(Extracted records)
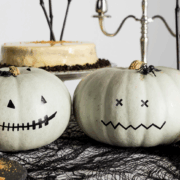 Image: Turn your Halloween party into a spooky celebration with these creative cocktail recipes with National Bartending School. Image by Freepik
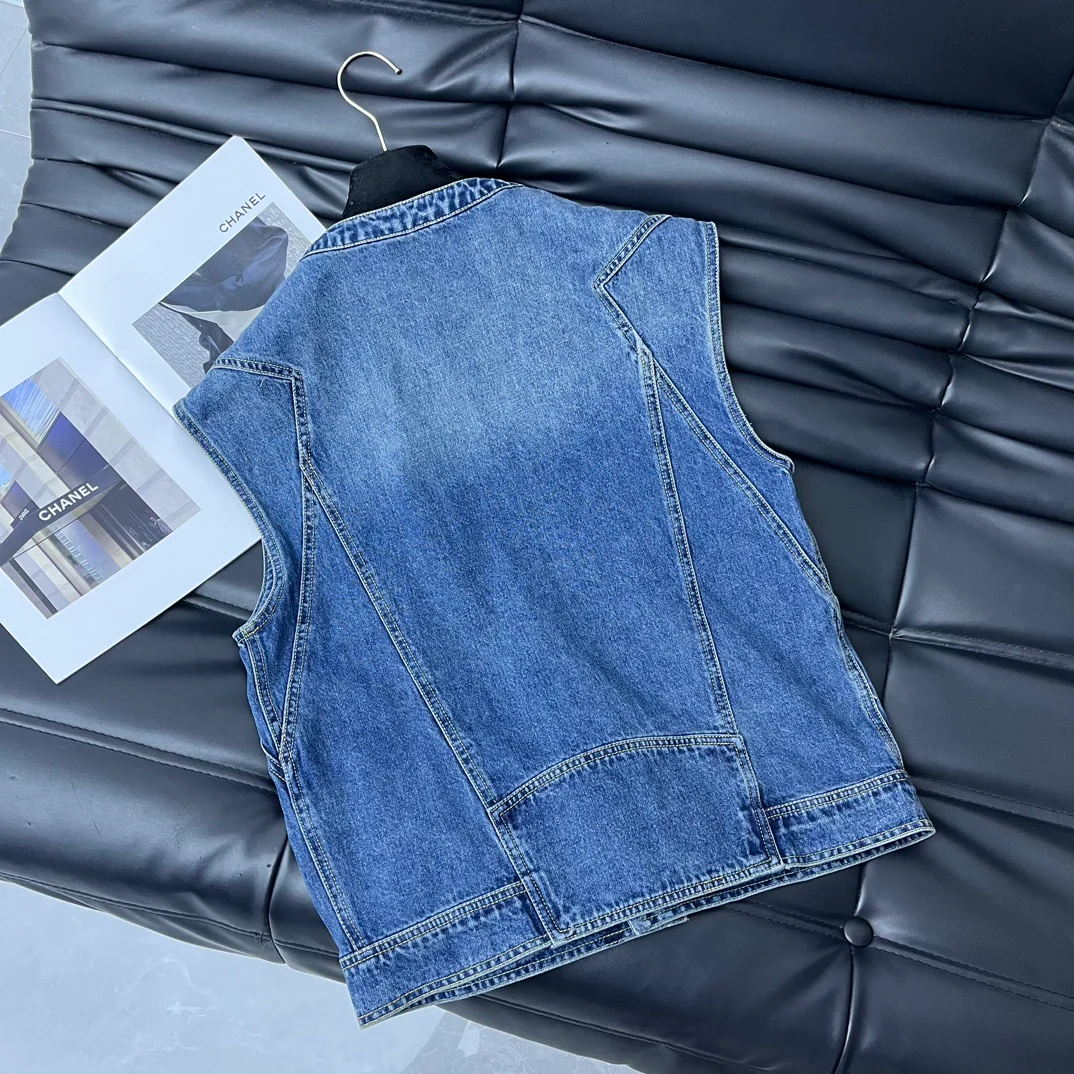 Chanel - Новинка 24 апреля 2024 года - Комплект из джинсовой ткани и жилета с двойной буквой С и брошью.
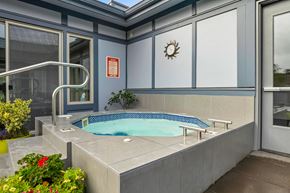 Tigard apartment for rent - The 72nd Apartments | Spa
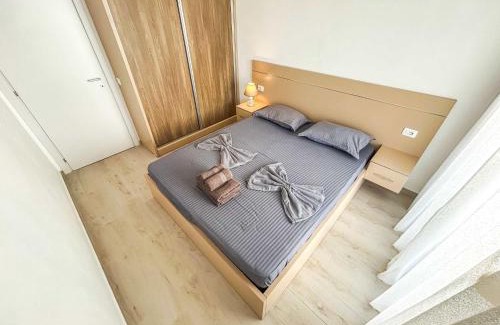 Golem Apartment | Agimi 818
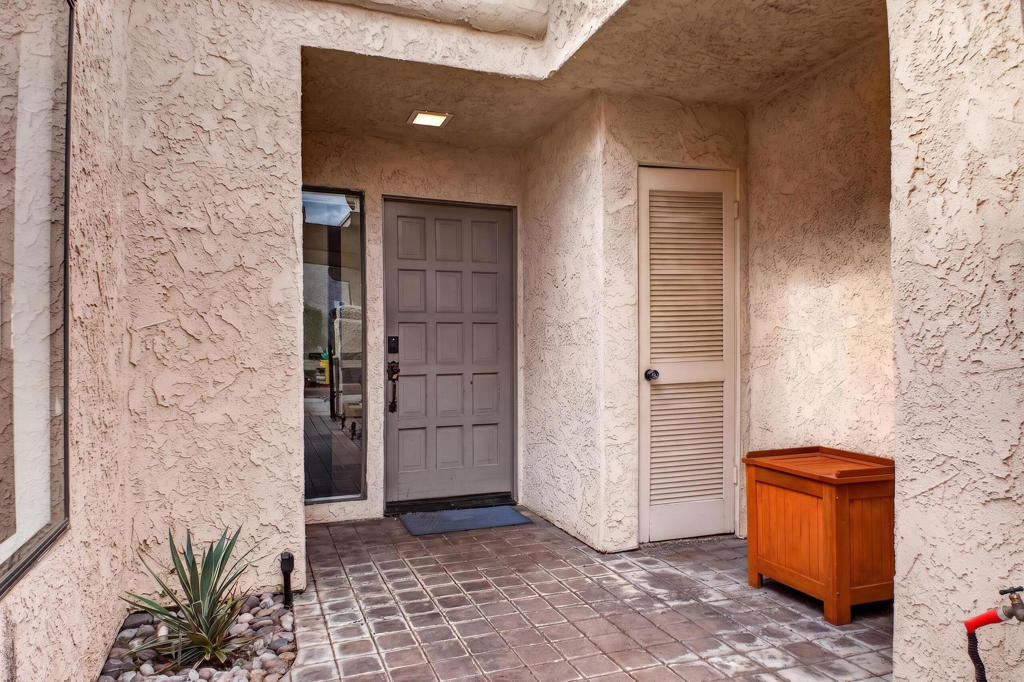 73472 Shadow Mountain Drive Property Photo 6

WHAT YOU HAVE TO DO:
No pictures belong in the copy: reproduce exactly the lines above from the one that contains "Chanel - Новинка" through the last line of the entries.

RESPONSE FOR THIS EXERCISE:
 Chanel - Новинка 24 апреля 2024 года - Комплект из джинсовой ткани и жилета с двойной буквой С и брошью.
 Tigard apartment for rent - The 72nd Apartments | Spa
 Golem Apartment | Agimi 818
 73472 Shadow Mountain Drive Property Photo 6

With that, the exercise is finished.